Aim of the exercise:
Please restate exactly the lines from the one holding "Wine bottle icon in glyph style. vector" to the end of the material, including both ends and excluding every picture.
___ Information shown ___
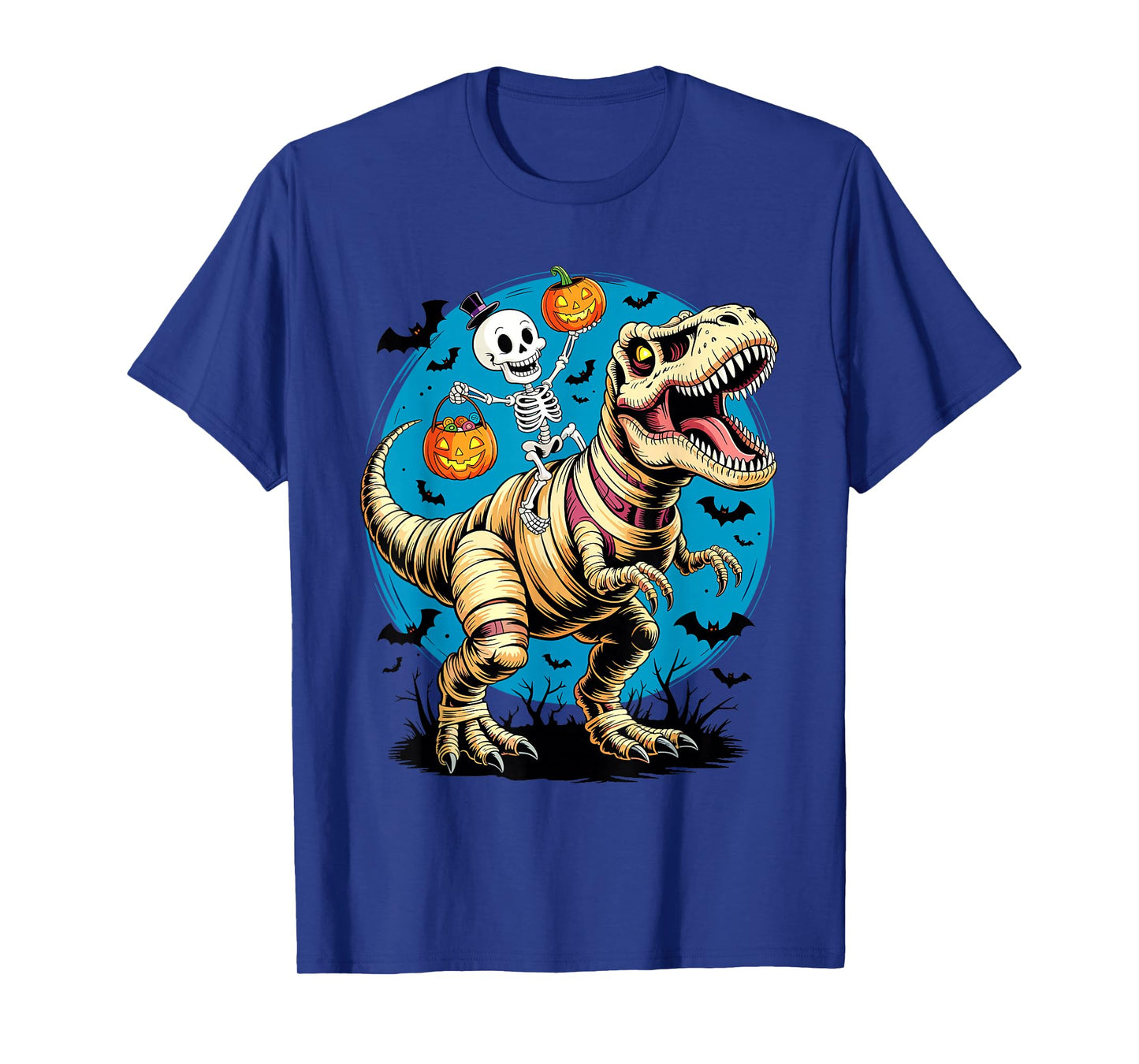 Skeleton Riding Mummy Dinosaur T rex Halloween Funny Pumpkin T-Shirt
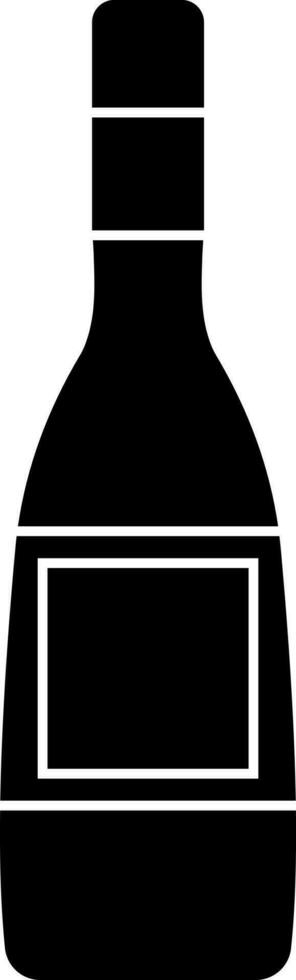 Wine bottle icon in glyph style. vector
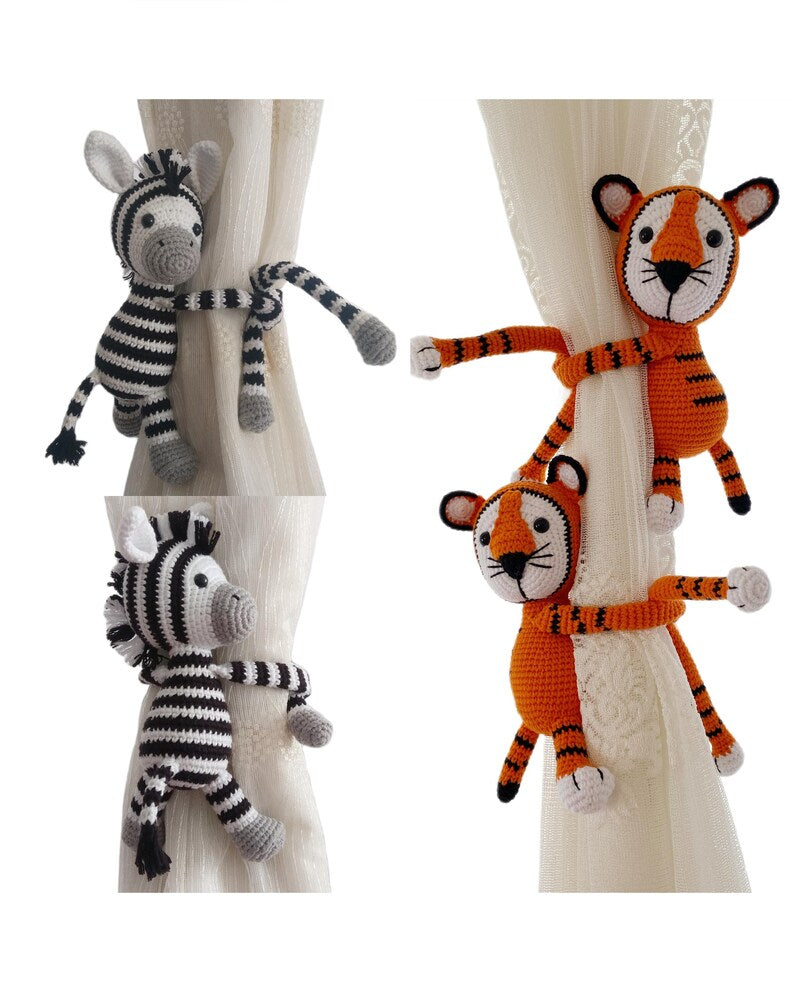Embrasse de rideau crochet amigurumi animaux safari décoration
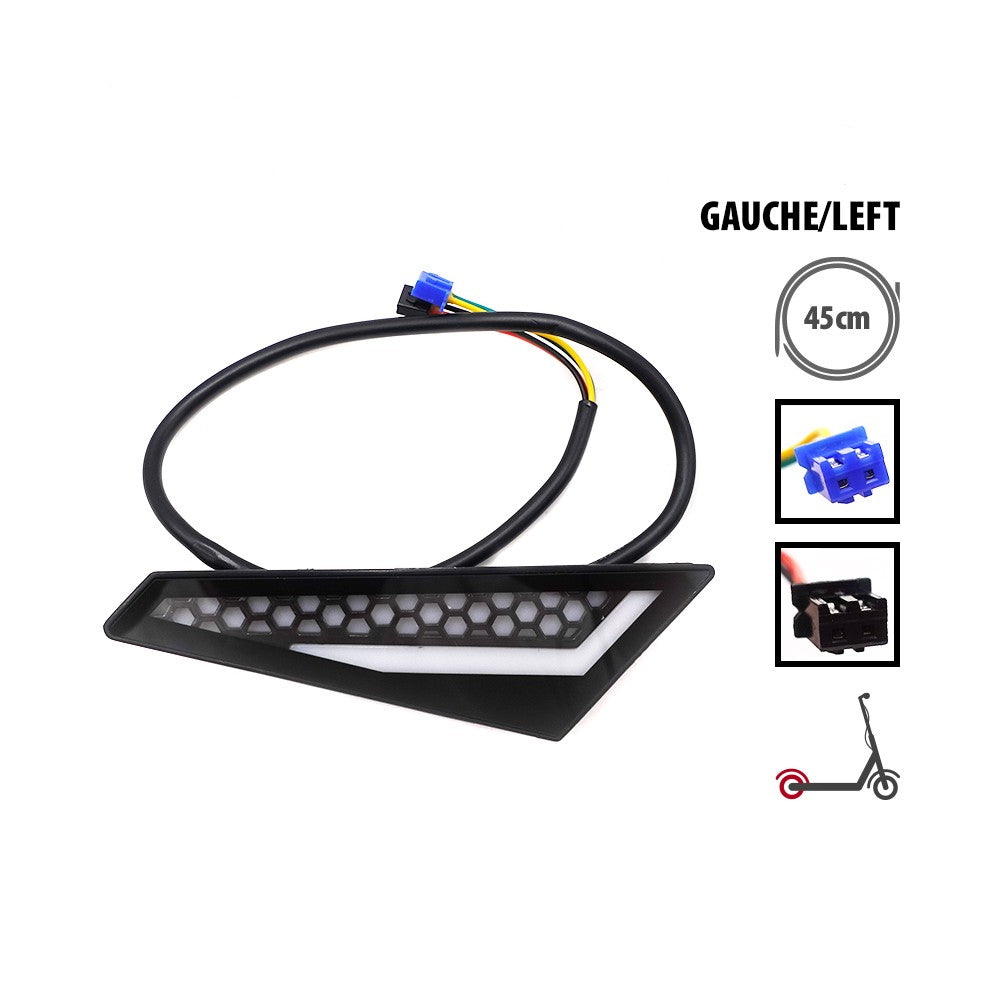 Feu arrière gauche pour trottinette électrique avec son câble et ses connecteurs d'alimentation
___
Solution for this exercise:
 Wine bottle icon in glyph style. vector
Embrasse de rideau crochet amigurumi animaux safari décoration
 Feu arrière gauche pour trottinette électrique avec son câble et ses connecteurs d'alimentation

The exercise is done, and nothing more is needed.